I’m figuring that those sufficiently technophile to be reading this blog would be horrified at the suggestion of someone paying to obtain SugarCRM, WordPress or other such usually free products. The digerati tend to see it as a right of passage to understand the upgrading procedures for a WordPress install or to understand PHP conflicts.

But the rest of the world out there just want to obtain a product and have it work – this is (in part) the reason that Microsoft is still as successful as it is – its stuff just works (or at least fails to work less often than some of the other offerings) it also requires little or no technical know how – the incumbents spend lots of time and effort automating processes.

I like playing around with FTP clients and the like, but also spend enough time in the real world to understand that the majority of people neither have the desire, the time nor the ability to do so. Enter Etelos. Etelos, in their own words;

…is revolutionizing the way Web-based applications are developed, distributed and consumed to empower organizations to use Web-based applications to achieve their goals.

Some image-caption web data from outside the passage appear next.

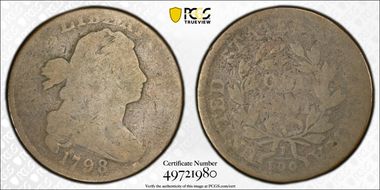 1798 1C First Hair Style AG3BN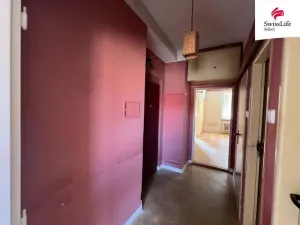 Prodej bytu 2+1, Brno - Ponava, Šumavská, 60 m2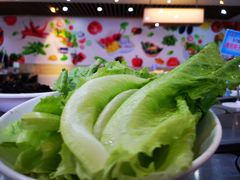 -咕叽咕叽自助烤肉小火锅(西城广场购物中心店)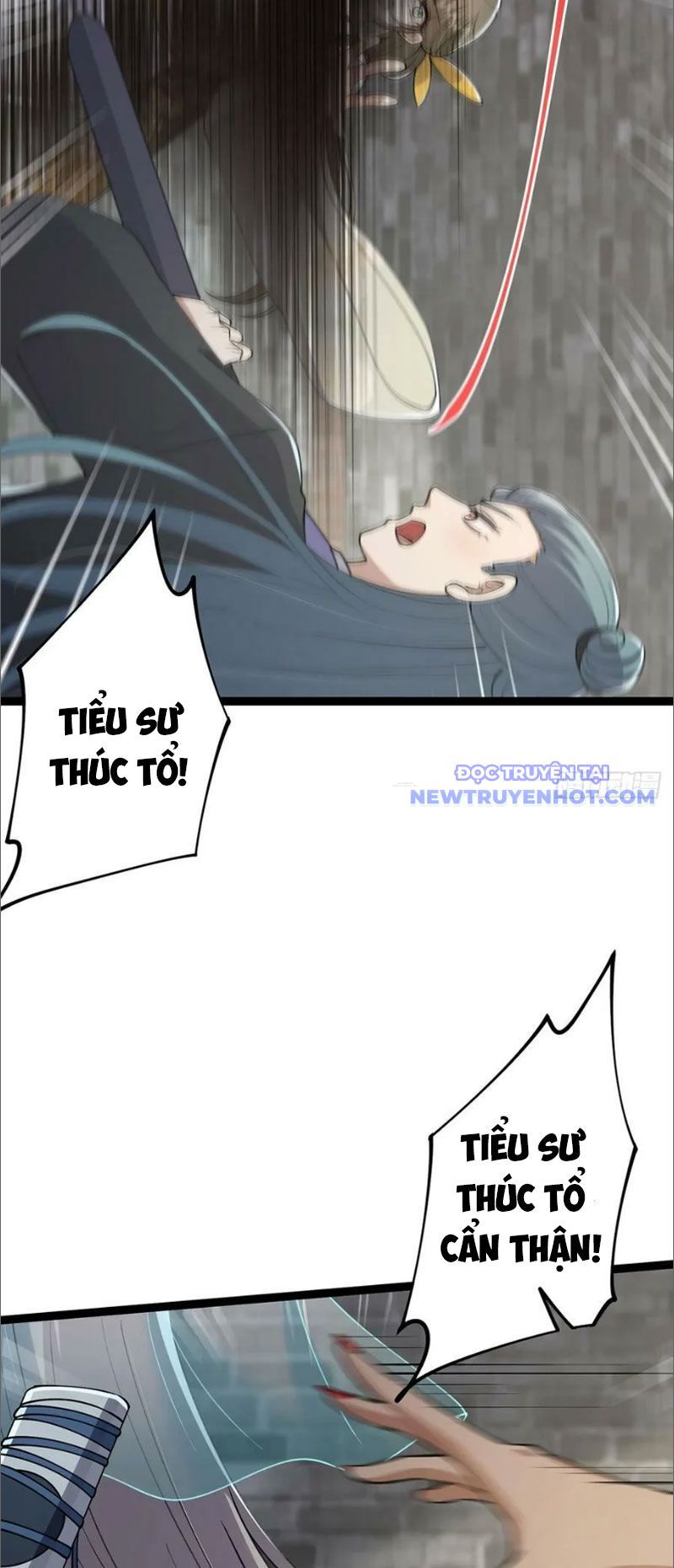 Ta Xuyên Không Với Max Điểm Mị Lực Chapter 62 - Trang 2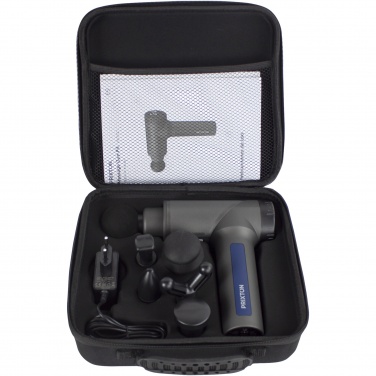 Logotrade promotional giveaway picture of: Prixton MGF100 massage gun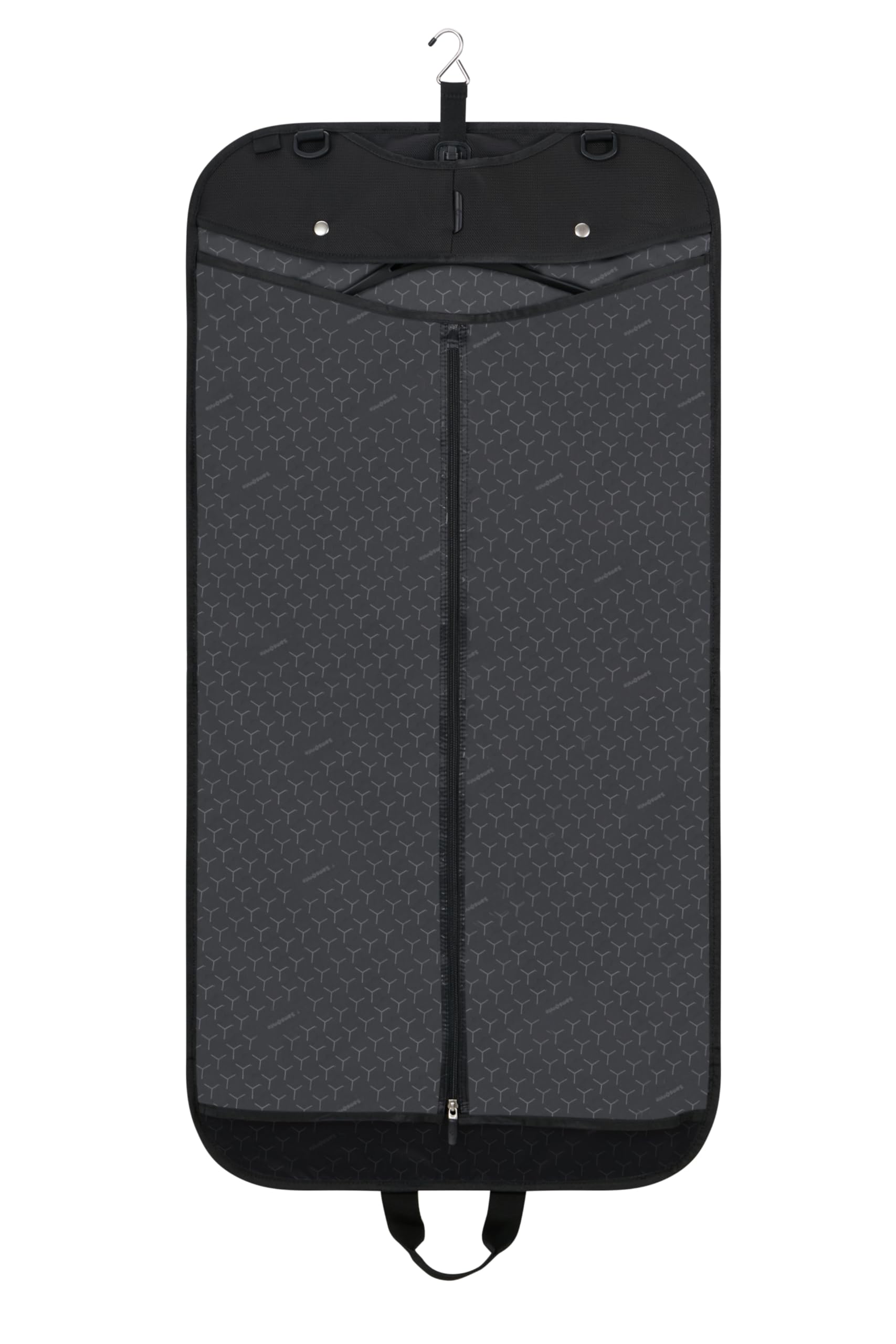 samsonite-spark-sng-eco-kleidersack-55-x-54-107-cm-faltbar-kleiderh-lle-f-r-anzu image 5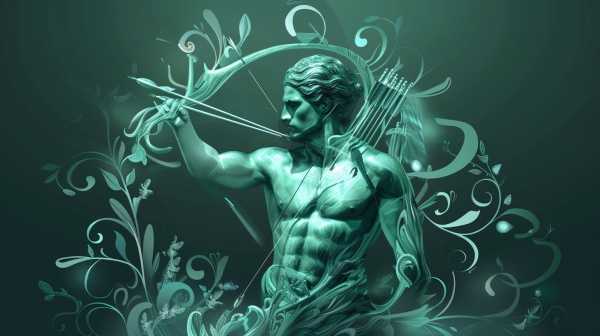 Sagittarius November 22 - December 21 Horoscope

Etelos sell, as SaaS products on a monthly subscription, such offerings as WordPress, SugarCRM, Expresso and Projects. As an example let’s look at the WordPress offering. Etelos charges $4.95 per month with 5Gb included. For that price Etelos hosts WordPress, provides a URL to the customer and takes care of all upgrades, security, backups etc.

So for $60/years you get an enterprise grade blogging service. Add to that the fact that with Etelos all your SaaS products come billed together on one invoice and you have a pretty powerful SaaS platform play.

I see services such as Etelos as being key to mainstreaming the adoption of SaaS – well done guys!

Ben Kepes

Ben Kepes is a technology evangelist, an investor, a commentator and a business adviser. Ben covers the convergence of technology, mobile, ubiquity and agility, all enabled by the Cloud. His areas of interest extend to enterprise software, software integration, financial/accounting software, platforms and infrastructure as well as articulating technology simply for everyday users.

4 Comments
  • My eyebrows are so far off the top of my head right now … REALLY?

    “Microsoft … its stuff just works … it also requires little or no technical know how” – sorry, but that’s just not true of their SharePoint offering, not true in many many instances.

    “$60/years you get an enterprise grade blogging service” … seems a lot when compared to a zero cost for say Blogger.

    Don’t get me wrong, I think Etelos have obviously seen a market and gone for it.
    I’m just not so comfortable with the underlying assumption you’re making that “without someone holding your hand, you can’t do this on your own”.

  • Mike – we always end up butting heads but here goes….

    Re $60 vs free for blogger – I disagree $60 is little to spend for a robust, secure and managed service. Especially for those fearful of “going it alone”

    my assumption wasn’t that no one can do this on their own – it was that to really get widespread adoption of these tools their is a significant part of the market that needs/wants help and support

    Many people (for example) would pay $100/year for a gmail type service that actually provided customer support…

  • It is not just the mass-market that sees a value in paying to let someone else take care of the technical details of installing and maintaining tools such as WordPress.

    The market for hosted Subversion change control shows that developers also see value in letting someone else take care of the details.

    It is not difficult to install and run your own Subversion server, but is that the best use of your time?

    Should you not be concentrating on adding real value to your business, and not spending your time as a system administrator?

  • What customers are really paying for is a valued added service.

    For many years I used to sell CRM applications in various forms and delivery models.

    CRM is a complex area to get right as it needs to support business processes which are often non-standard or terribly well structured. Adding a CRM can help with activity / process structure but only if it is done very well. (And its usually NOT.)

    There is a misperception among many technical groups that installing a software application is the answer. It almost never works out that way. Especially not if it is OS.

    As someone who specialises providing services based around both WordPress and SugarCRM I often get asked where budgets should be allocated and why. The short answer is investing the budget to get leverage and access to hard earned experience is well worthwhile.

    WordPress has 2000+ plugins in its code library. Almost all of them could do with better documentation and testing. There are many variations in server configuration and so not all code functions will work on your system.

    It is worth paying someone to do this for you.

    BTW SugarCRM has a commercial model where you can also pay for professional and enterprise editions of their software and for larger companies that is a smart thing to do.

    Many people underestimate the hidden costs of using open source software software.

    Ironically open source software is often be much better tested and more widely used than many others types of license software but unless the results of that testing is also shared with the community it may not be that useful.